I want to talk to you about my kids. Now, I know everyone thinks that their kid is the most fantastic, the most beautiful kid that ever lived. But mine really are.


  I have 696 kids, and they are the most intelligent, inventive, innovative, brilliant and powerful kids that you'll ever meet.

  Any student I've had the honor of teaching in my classroom is my kid. However, because their "real" parents aren't rich and, I argue, because they are mostly of color, they will seldom get to see in themselves the awesomeness that I see in them. Because what I see in them is myself -- or what would have been myself.

  I am the daughter of two hardworking, college-educated, African-American parents who chose careers as public servants: my father, a minister; my mother, an educator. Wealth was never the primary ambition in our house. Because of this lack of wealth, we lived in a neighborhood that lacked wealth, and henceforth a school system that lacked wealth. Luckily, however, we struck the educational jackpot in a voluntary desegregation program that buses inner-city kids -- black and brown -- out to suburban schools -- rich and white.
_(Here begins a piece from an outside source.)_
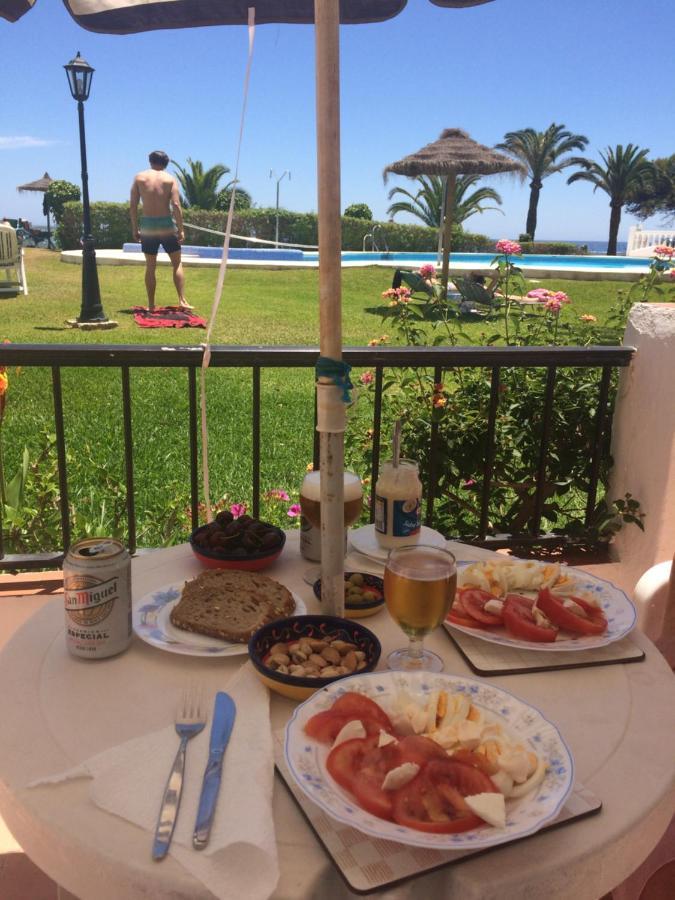 Sea & Pool View Garden Apartment Las Palmeras Nerja Extérieur photo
  At five years old, I had to take an hour-long bus ride to a faraway place to get a better education. At five years old, I thought everyone had a life just like mine. I thought everyone went to school and were the only ones using the brown crayons to color in their family portraits, while everyone else was using the peach-colored ones. At five years old, I thought everyone was just like me. But as I got older, I started noticing things, like: How come my neighborhood friend don't have to wake up at five o'clock in the morning, and go to a school that's an hour away? How come I'm learning to play the violin while my neighborhood friends don't even have a music class? Why were my neighborhood friends learning and reading material that I had done two to three years prior?